La prova che Allende sarebbe stato tradito da Fidel Castro, sarebbe infine, sempre secondo Martinis che cita uno studio di Pierre Kalfon, il fatto che Castro, Allende e Pinochet appartenevano tutti alla medesima loggia massonica, e che sarebbe stato proprio Castro a suggerire ad Allende di fidarsi di Pinochet per questo motivo.
Queste affermazioni di Martinis sulla questione cilena, a noi che abbiamo vissuto quegli anni ed abbiamo letto diverse cose sull’argomento, sembrano denotare semplicemente una grande confusione mista al desiderio di infangare Cuba e Castro nella fattispecie. Però sono anche molto gravi, visto che non è detto che tutti quelli che ascoltano questo relatore siano preparati sull’argomento e potrebbero pensare che ci sia qualche fondo di verità. Quindi è necessario fare un po’ di chiarezza.

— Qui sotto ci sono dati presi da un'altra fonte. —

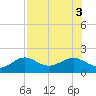 Point Pinellas tide chart for Wednesday, August 3, 2022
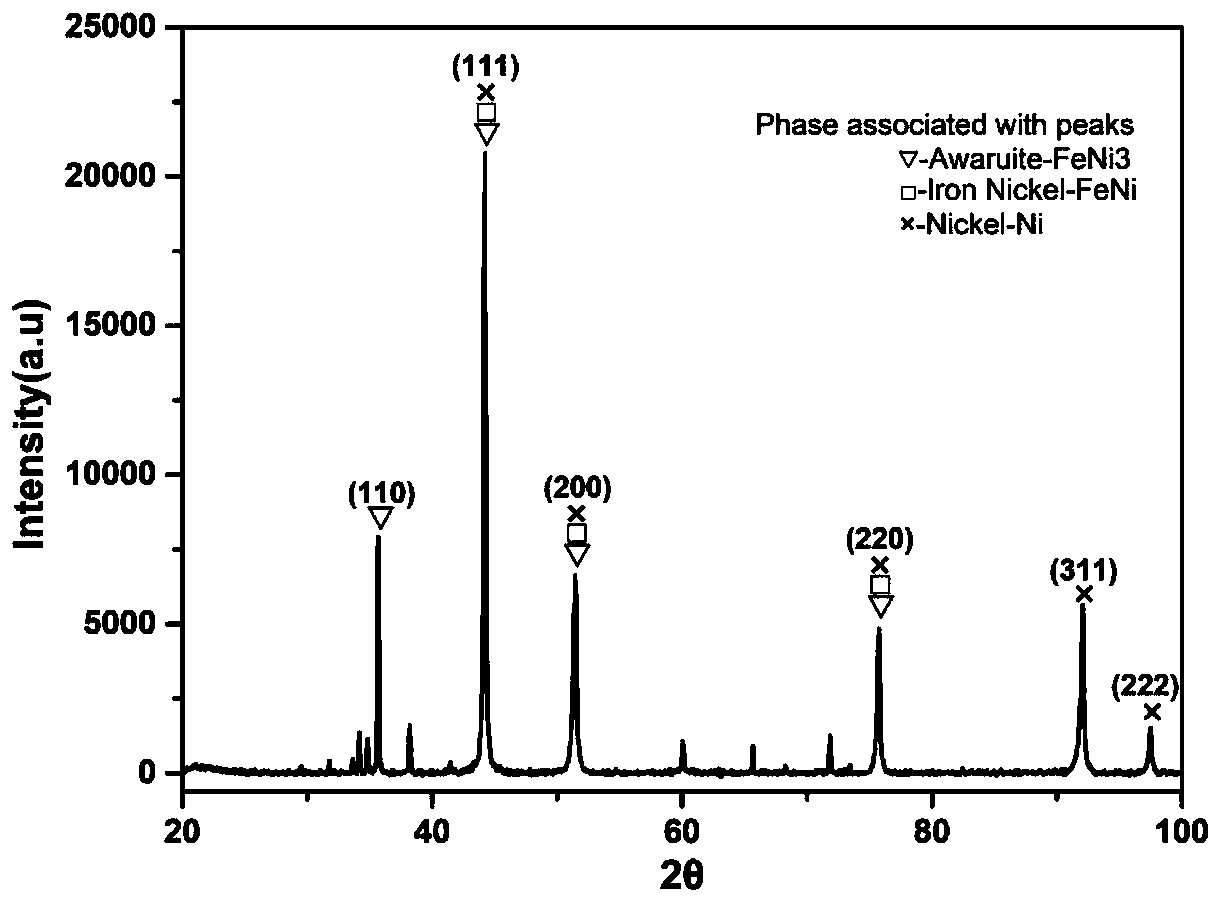 A Rare Earth Soft Magnetic Alloy Directly Deposited by Laser and Its Magnetic Properties Regulation Method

Dato che l’appartenenza alla massoneria di Allende, Castro e Pinochet è nota da sempre, e dato che la massoneria nell’America Latina ha sempre rivestito un ruolo diverso da quella nostrana, a noi sembra del tutto logico che Castro ed Allende avessero deciso di fidarsi di Pinochet, appunto perché faceva parte della loro stessa loggia: era difficile immaginare che avrebbe tradito un “confratello”. Così come non c’è nulla di strano nel fatto che la mattina del golpe i cubani fossero stati fatti partire in fretta e furia da Valparaiso: il golpe iniziò proprio a Valparaiso, e visto quello che stava accadendo, è logico che gli stranieri decidessero di fuggire. Secondo Martinis avrebbero forse dovuto rimanere e farsi massacrare, creando oltretutto un incidente internazionale di non poco conto, con degli stranieri che si opponevano in armi all’esercito (se pure golpista) del paese che li ospitava?
E per quanto riguarda la questione del corpo di guardia, diciamo solo che lo scrittore Luis Sepùlveda, che è un pezzo d’uomo “pur essendo cileno” (del resto i cileni non sono poi tanto bassi di statura, essendo per lo più di discendenza europea) faceva parte della guardia di Allende, e non ha mai posto i problemi che si pone Martinis, il quale è così “esperto” della storia cilena che ha poi fatto una gran confusione tra il dirigente del MIR Miguel Enriquez ed il martire della resistenza a Pinochet Manuel Rodriguez, che non aveva fatto parte del MIR.
Ed infine, tanto per tagliare la testa al toro. Va bene che se si vuole gettare letame su Cuba, sulla sua rivoluzione e soprattutto su Fidel Castro, bisogna cercare di dietrologare a tutto campo, però il particolare di fondo che manca alla “ricostruzione” di Martinis è molto semplice e basilare: perché mai Castro avrebbe dovuto volere la fine di Allende e dell’esperienza di Unidad Popular in Cile?